Tuttosport informuje, że Inter jeszcze nigdy nie był tak bliski zmiany właściciela. Według turyńskiej gazety bank inwestycyjny Raine Group znalazł fundusz z Bliskiego Wschodu który jest zainteresowany klubem i jest gotowy spełnić żądania finansowe Suning.
Optymizm co do możliwości sfinalizowania transakcji jest coraz bardziej wyczuwalny. Raine Group czuje, że jest już blisko ostatniej prostej - czytamy na łamach Tuttosport.

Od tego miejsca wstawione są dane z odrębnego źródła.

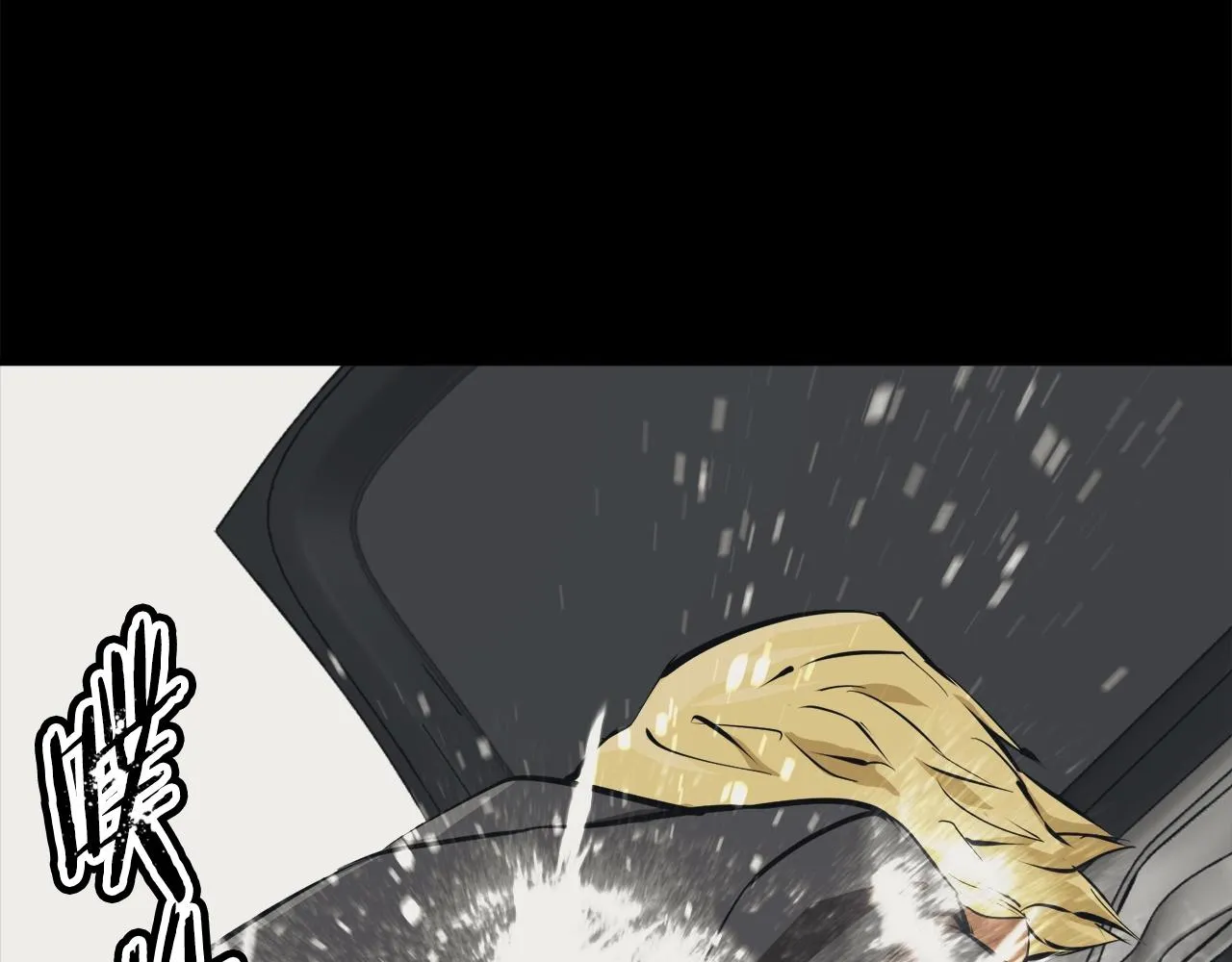 第125话 亡命追杀 第155页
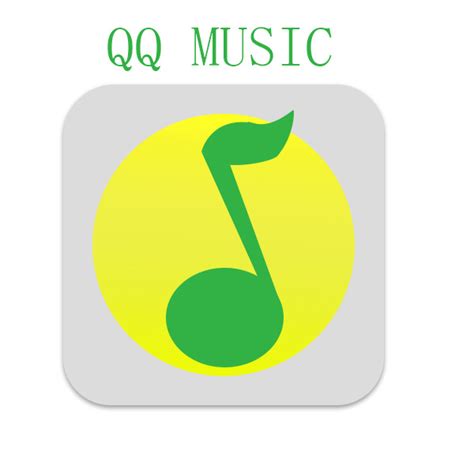 QQ音乐图标图片素材免费下载 - 觅知网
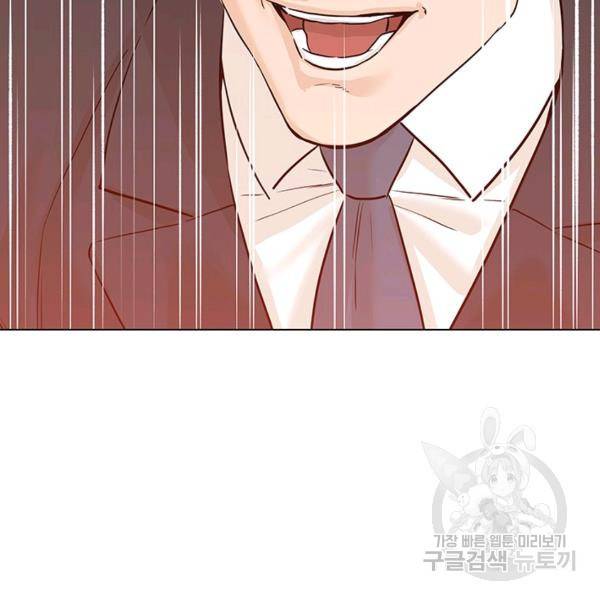 뒤끝작렬 78화 16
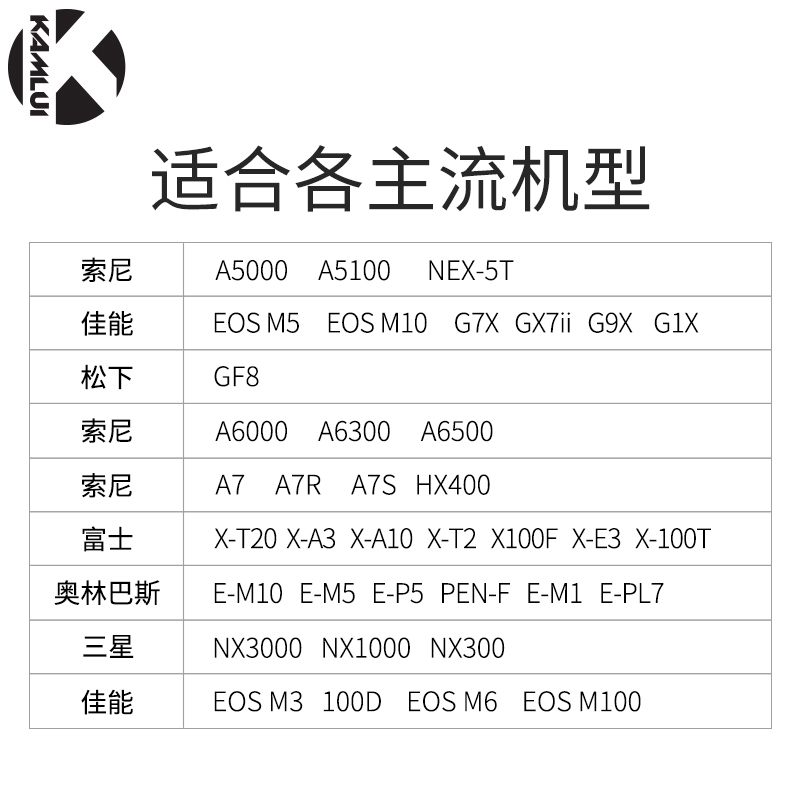 微单相机包适用索尼a6000女a7佳能m50富士xs10摄影xa7 xt30可爱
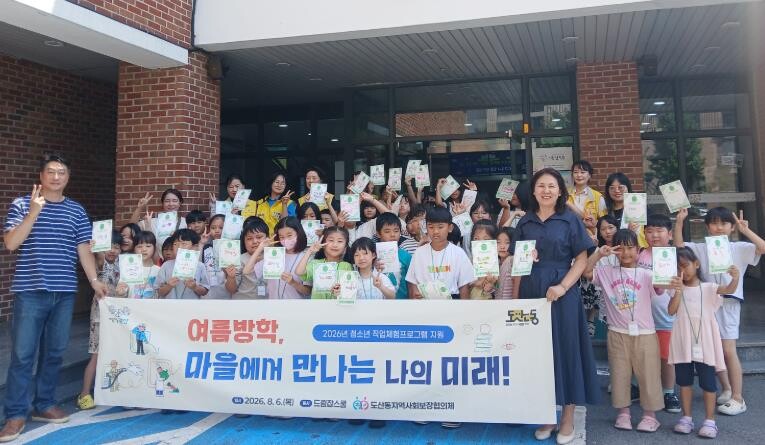 광산구 아동부터 어르신까지…도산동 지...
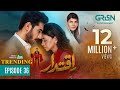 Iqtidar Episode 36 (Subtitles) 17th January 2025  Anmol Baloch - Ali Raza  Green TV Entertainment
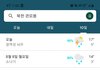 벌써 슬슬 겨울이 다가오는곳 ㄷㄷ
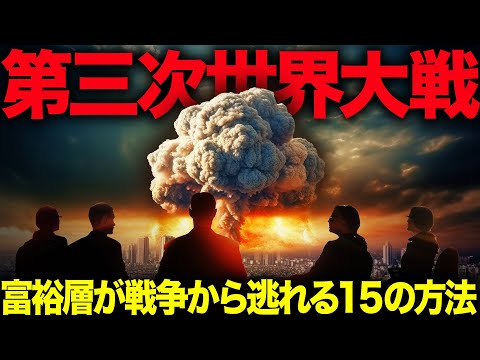 お金持ちが第三次世界大戦から逃れる15の方法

Steven Zhang jeżeli chce pozostać u steru będzie musiał refinansować dług z Oaktree przy wysokich odsetkach. Z poważnym nabywcą wszystko może się zmienić i dlatego Raine jest optymistą co do szybkiego zamknięcia transakcji. Termin spłaty długu mija 20 maja 2024 roku.

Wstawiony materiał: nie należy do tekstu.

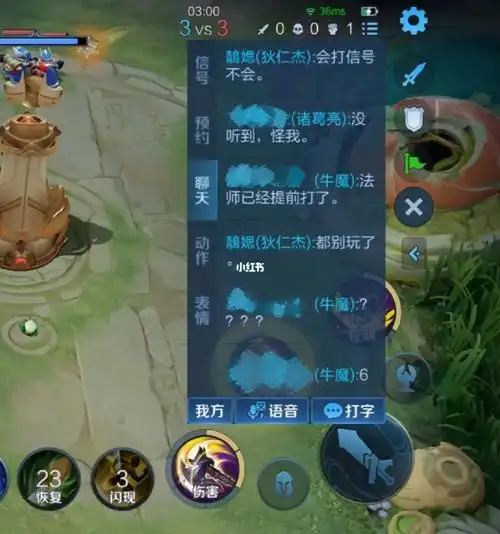 打游戏不带眼睛的队友一枚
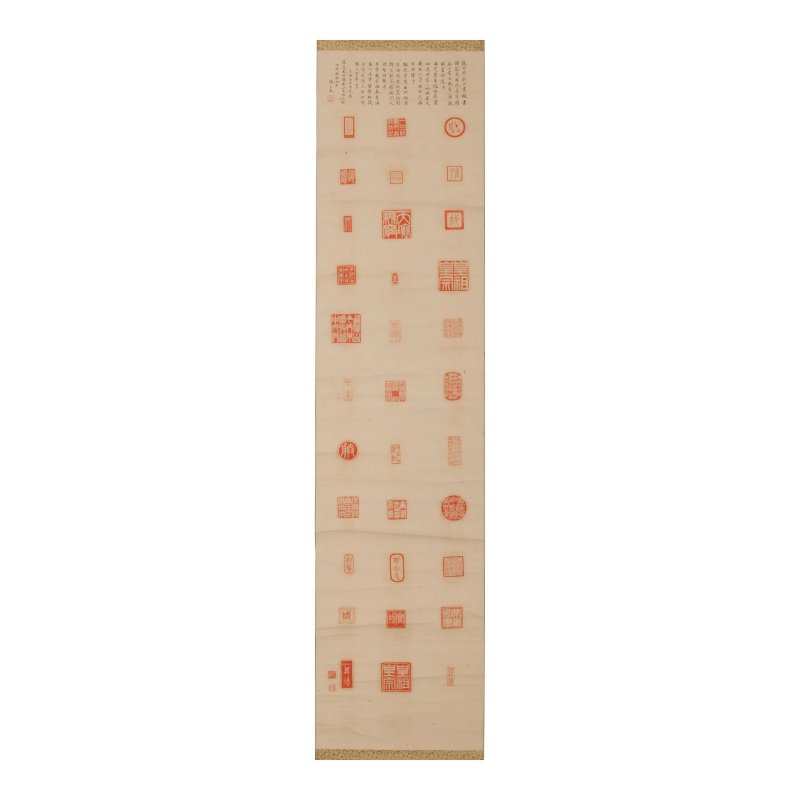 陳巨來（1904-1984） 為渡邊先生鎸刻印譜 水墨硃砂紙本 立軸 一九四五年作 | CHEN JULAI (1904-1984)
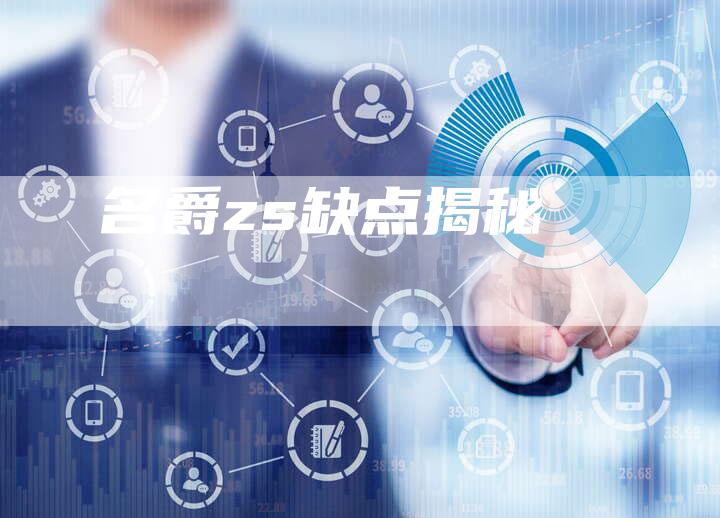 名爵zs缺点揭秘-新时代汽车网
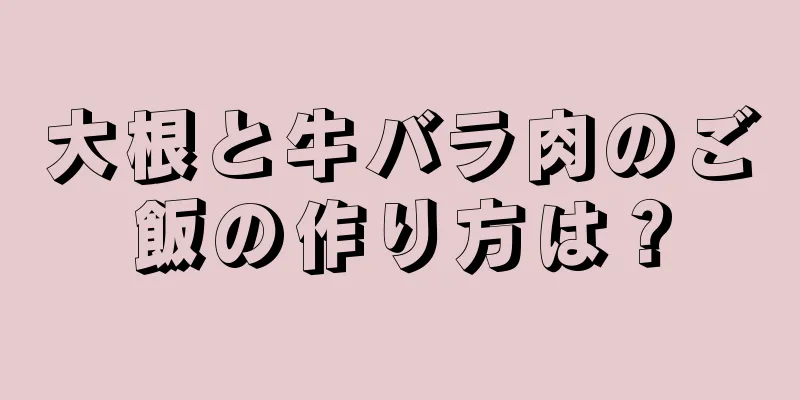 大根と牛バラ肉のご飯の作り方は？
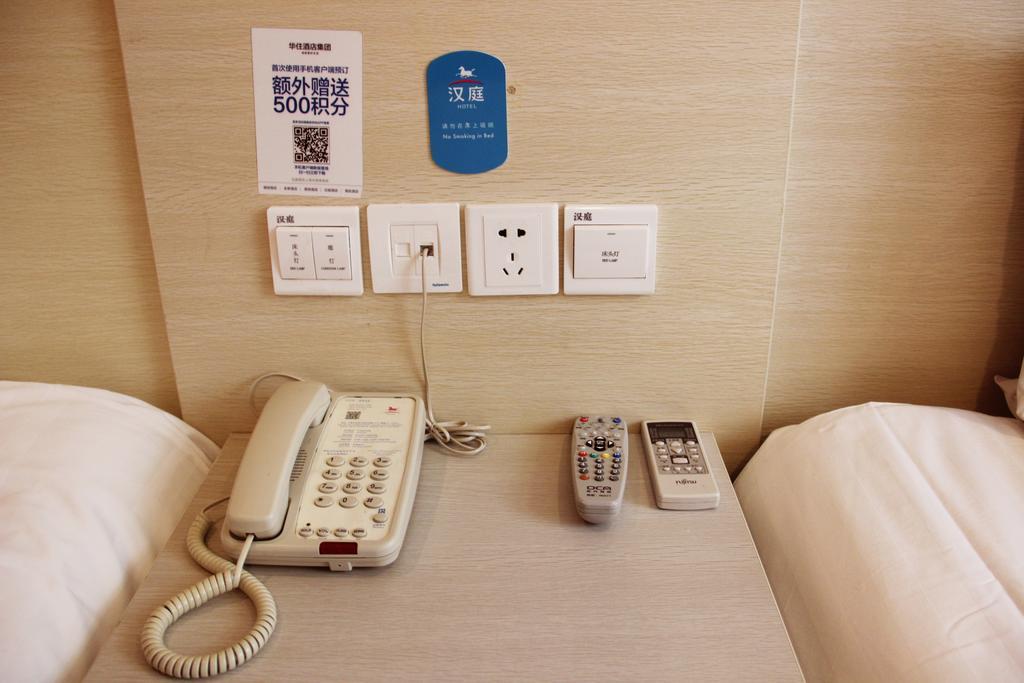 Hanting Hotel Heifei Guo Gou Square Хефей Екстериор снимка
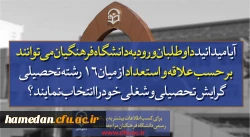 قابل توجه داوطلبان آزمون سراسری 1397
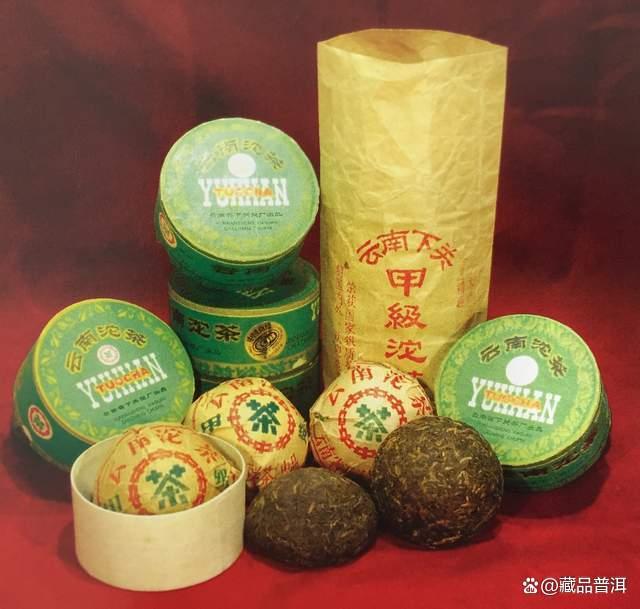 2000年下关绿盒甲沱深度解析,经典老生茶收藏价值 2000年下关绿盒甲沱深度解析,经典老生茶收藏价值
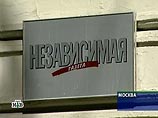 Новый владелец "Независимой газеты" хочет сделать ее таблоидом по форме, но не по содержанию Новый владелец "Независимой газеты" хочет сделать ее таблоидом по форме, но не по содержанию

Jak powszechnie wiadomo, rachunki Interu są nadal obciążone około 50 milionami odsetek od pożyczek i obligacji, a jeśli tym razem zobowiązania wyniosą około 80 milionów - o połowę mniej niż w przeszłości - to głównie dzięki wynikom osiąganym przez zespół, a nie kierownictwu firmy. Oczywiste jest, że wpłynie to również na projekt nowego stadionu: czy ewentualni nowi właściciele powrócą na San Siro, czy potwierdzą pomysł nowego obiektu w Rozzano?
Komentarze (15)
-nowy stadion
-nowy wlasciciel
-kontuzja Sensiego
Ano dlatego, że jak padnie konkretna nazwa, to ktoś zaprzeczy, trzeba będzie prostować i ogólnie lipa. Lepiej napisać, że ktoś z bliskiego wschodu i nikt się nie przyczepi.
Taki jest schemat dziennikarstwa, dlatego zapamiętajcie. Jeżeli brak konkretnych nazw, nazwisk, liczb, to znaczy, że w doniesieniu nie ma nawet źdźbła prawdy. Za każdym razem, czegokolwiek by się artykuł nie tyczył, jak widzicie sformułowania typu 'bliskowschodni fundusz', 'właściciel dużej firmy', 'wysokie sumy pieniężne' itd ale brak przy tym konkretów, to znaczy, że artykuł jest totalnie z dupy wzięty.
Osobiście życzyłbym sobie, żeby wrzucania na stonkę tego typu bzdur unikać, ale mimo wszystko pana newsmana się nie czepiam.